The epic, heroic legal battle fought by the barely lettered wife of a small Gujarati cattle trader has caught the imagination of many in the country. The judgement of the Bombay High Court on Thursday – which upheld the life sentence awarded to 11 men convicted by a lower court of raping her and killing 14 members of her family, and also set aside the acquittal of seven policemen and doctors for tampering with and destroying evidence – offers hope not just to her but to us all.
Fifteen years have passed since Bilkis Yakub Rasool, pregnant and only 19, was gangraped and left naked and unconscious by men of her village, the head of her three-year-old child smashed on the ground and 13 other members of her family killed during the gale of hate violence that swept Gujarat in 2002. The communal riots, in the wake of the death of 57 Hindu pilgrims in a train fire at Godhra, left over 1,000 people dead, the majority of them Muslims.
But today, Bilkis Bano, as she is called, has ensured that not just the men who raped her and brutally killed her daughter and family members but also the policemen and doctors who tried to protect these criminals and hide their crimes will spend many years behind prison walls, punished by the law of the land. I do not know of any comparable punishment of public officials for their attempts to save hate criminals in any earlier case of mass communal violence in India, although such malfeasance by police persons and doctors is far from rare. Bilkis Bano said her rights “as a human being, as a citizen, woman, and mother” had been “violated in the most brutal manner”. Her struggle seemed unending, “but when you are on the side of truth, you will be heard, and justice will be yours in the end”.
Fifteen years ago
Nightmares still haunt Bilkis Bano, and even now she gets sick when she remembers that day 15 years ago. In Radhikpur village in Dahod, 200 km from Ahmedabad, her neighbours set fire to all of around 60 Muslim homes there. As she and her terrified family ran into the fields behind their house, she turned around for one last look at their burning home. In the exodus that followed, Bilkis Bano and her family sought refuge first at the residence of the village sarpanch, then in a school in the village of Chunadi, and thereafter in the village mosque of Kuvajal. Here, Shamim, her cousin, delivered a baby girl in the house of a midwife.
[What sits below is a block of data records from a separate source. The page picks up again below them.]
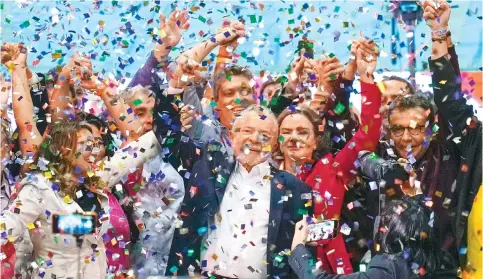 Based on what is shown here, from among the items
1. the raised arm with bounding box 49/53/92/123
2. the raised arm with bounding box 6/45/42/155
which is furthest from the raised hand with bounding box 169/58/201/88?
the raised arm with bounding box 6/45/42/155

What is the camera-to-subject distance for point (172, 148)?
12.7ft

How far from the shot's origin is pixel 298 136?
3.88 metres

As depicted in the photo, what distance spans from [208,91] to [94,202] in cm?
71

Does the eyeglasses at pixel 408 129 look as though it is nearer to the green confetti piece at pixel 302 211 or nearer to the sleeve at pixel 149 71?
the green confetti piece at pixel 302 211

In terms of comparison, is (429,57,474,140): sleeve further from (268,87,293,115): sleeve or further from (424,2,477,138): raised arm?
(268,87,293,115): sleeve

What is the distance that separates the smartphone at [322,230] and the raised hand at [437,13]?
825 millimetres

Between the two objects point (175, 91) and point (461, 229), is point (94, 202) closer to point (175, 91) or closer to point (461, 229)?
point (175, 91)

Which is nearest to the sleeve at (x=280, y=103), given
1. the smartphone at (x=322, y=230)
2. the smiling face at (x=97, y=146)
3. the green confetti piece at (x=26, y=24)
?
the smartphone at (x=322, y=230)

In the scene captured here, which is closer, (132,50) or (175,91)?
(175,91)

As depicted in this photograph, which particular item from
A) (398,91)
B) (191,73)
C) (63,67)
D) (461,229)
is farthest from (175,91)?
(461,229)

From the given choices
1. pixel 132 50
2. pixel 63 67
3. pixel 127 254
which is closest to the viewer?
pixel 127 254

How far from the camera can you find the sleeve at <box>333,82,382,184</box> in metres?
3.79

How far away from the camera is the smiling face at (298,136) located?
387cm

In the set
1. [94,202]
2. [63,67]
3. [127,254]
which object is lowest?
[127,254] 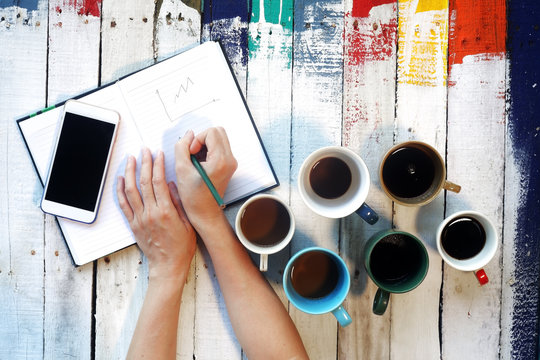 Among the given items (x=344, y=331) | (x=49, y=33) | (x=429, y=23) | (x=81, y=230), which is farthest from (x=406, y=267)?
(x=49, y=33)

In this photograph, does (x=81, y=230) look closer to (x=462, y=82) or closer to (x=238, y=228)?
(x=238, y=228)

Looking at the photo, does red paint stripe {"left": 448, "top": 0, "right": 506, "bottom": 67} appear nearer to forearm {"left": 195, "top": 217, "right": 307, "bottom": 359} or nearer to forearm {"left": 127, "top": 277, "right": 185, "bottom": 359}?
forearm {"left": 195, "top": 217, "right": 307, "bottom": 359}

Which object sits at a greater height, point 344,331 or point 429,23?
point 429,23

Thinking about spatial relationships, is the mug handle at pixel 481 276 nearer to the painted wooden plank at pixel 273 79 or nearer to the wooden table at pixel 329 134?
the wooden table at pixel 329 134

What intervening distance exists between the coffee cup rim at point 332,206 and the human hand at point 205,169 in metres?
0.17

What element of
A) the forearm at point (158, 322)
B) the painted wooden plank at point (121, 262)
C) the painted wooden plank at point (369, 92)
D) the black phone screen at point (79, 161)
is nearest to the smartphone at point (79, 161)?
the black phone screen at point (79, 161)

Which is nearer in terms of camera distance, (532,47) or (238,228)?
(238,228)

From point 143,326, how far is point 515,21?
1114 mm

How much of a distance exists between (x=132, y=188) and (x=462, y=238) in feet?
2.46

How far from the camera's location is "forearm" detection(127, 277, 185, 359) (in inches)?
34.6

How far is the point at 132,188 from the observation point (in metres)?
0.91

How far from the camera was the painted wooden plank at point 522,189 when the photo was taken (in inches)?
37.5

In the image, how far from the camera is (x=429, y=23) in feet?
3.10

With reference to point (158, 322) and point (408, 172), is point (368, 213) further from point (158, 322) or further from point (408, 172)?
point (158, 322) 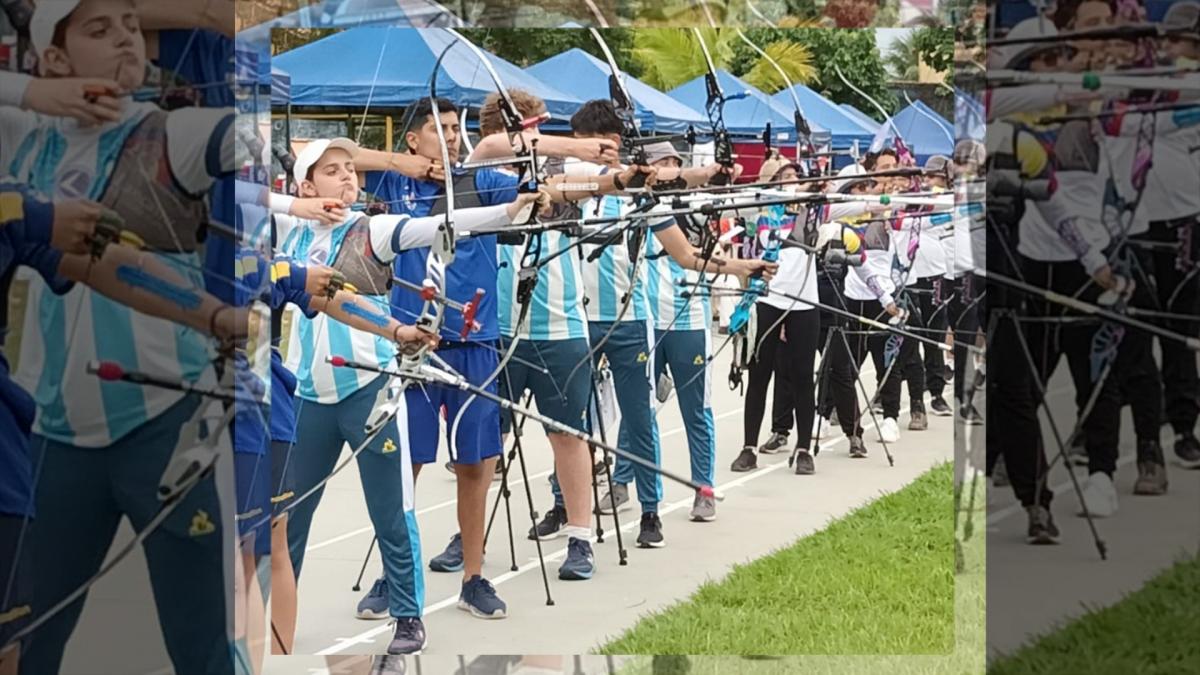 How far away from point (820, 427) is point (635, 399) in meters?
0.43

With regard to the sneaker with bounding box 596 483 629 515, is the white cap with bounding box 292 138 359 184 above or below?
above

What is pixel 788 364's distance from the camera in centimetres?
328

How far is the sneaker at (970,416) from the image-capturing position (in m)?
2.78

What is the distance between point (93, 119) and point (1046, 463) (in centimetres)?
174

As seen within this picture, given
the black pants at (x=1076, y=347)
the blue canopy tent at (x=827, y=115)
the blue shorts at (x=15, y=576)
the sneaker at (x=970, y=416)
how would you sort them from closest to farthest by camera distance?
1. the blue shorts at (x=15, y=576)
2. the black pants at (x=1076, y=347)
3. the sneaker at (x=970, y=416)
4. the blue canopy tent at (x=827, y=115)

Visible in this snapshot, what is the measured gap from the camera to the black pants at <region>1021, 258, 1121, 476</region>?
2.53 metres

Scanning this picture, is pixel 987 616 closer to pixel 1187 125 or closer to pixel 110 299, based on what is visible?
pixel 1187 125

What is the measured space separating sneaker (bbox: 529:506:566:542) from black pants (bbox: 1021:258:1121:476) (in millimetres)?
1105

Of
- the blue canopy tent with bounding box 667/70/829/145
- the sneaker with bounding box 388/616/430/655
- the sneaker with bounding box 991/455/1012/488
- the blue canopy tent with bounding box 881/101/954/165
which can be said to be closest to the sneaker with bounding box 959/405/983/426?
the sneaker with bounding box 991/455/1012/488

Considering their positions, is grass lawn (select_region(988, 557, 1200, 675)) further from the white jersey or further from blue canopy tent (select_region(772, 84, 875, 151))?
the white jersey

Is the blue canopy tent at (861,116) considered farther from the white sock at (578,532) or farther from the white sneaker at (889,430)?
the white sock at (578,532)

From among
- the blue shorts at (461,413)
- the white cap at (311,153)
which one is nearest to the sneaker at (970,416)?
the blue shorts at (461,413)

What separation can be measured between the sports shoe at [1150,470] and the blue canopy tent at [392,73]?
1.34m

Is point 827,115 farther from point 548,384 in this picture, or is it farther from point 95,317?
point 95,317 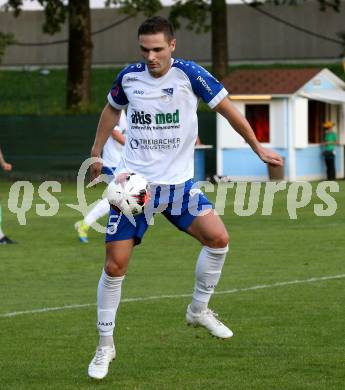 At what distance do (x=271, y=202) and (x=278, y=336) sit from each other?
17.0m

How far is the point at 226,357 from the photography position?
32.5 feet

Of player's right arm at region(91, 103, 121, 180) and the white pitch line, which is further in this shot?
the white pitch line

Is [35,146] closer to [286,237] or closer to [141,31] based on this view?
[286,237]

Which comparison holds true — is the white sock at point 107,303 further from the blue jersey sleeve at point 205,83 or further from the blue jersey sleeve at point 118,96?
the blue jersey sleeve at point 205,83

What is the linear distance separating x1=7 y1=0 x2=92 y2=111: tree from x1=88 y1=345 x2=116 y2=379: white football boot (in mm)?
34159

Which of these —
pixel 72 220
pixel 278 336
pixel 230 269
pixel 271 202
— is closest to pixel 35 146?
pixel 271 202

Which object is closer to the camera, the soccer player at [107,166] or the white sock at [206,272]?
the white sock at [206,272]

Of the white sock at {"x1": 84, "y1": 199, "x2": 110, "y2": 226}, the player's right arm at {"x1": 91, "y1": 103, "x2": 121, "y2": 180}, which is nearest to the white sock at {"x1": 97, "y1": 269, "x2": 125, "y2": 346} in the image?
the player's right arm at {"x1": 91, "y1": 103, "x2": 121, "y2": 180}

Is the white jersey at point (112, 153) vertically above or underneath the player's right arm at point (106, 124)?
underneath

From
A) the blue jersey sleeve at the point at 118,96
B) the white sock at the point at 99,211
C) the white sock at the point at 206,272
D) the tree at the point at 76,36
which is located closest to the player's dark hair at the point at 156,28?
the blue jersey sleeve at the point at 118,96

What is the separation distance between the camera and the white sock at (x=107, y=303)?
30.6 ft

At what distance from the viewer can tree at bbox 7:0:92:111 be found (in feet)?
142

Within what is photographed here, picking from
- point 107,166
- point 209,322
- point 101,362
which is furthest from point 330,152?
point 101,362

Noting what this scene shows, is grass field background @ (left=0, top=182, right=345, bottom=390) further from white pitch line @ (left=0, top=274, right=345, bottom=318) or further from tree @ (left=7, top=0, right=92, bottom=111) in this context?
tree @ (left=7, top=0, right=92, bottom=111) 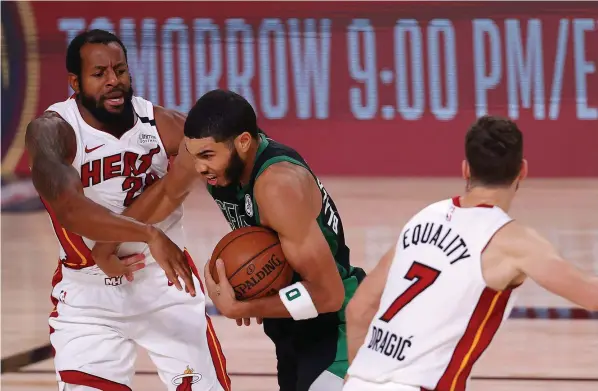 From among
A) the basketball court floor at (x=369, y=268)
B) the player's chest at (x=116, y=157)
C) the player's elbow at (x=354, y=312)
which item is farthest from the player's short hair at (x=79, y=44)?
the basketball court floor at (x=369, y=268)

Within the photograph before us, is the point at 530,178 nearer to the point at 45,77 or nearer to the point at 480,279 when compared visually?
the point at 45,77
The next day, the family fled again, knowing that they were not safe. Hiding in the shadows and the overgrowth of forests all the way and avoiding the big highways, they tried to reach a Muslim-majority settlement. Along the scary journey, they were shielded and provided for by compassionate people. As Special Judge UD Salvi of the Mumbai sessions court observed in his judgement in 2008, despite its gruesomeness, the case also brought to light instances of human kindness shown by neighbours and acquaintances of victims of the massacre who gave shelter to those on the other side of the communal divide. The search for a sanctuary set them on the path to Pannivel village. But they were not to reach their destination.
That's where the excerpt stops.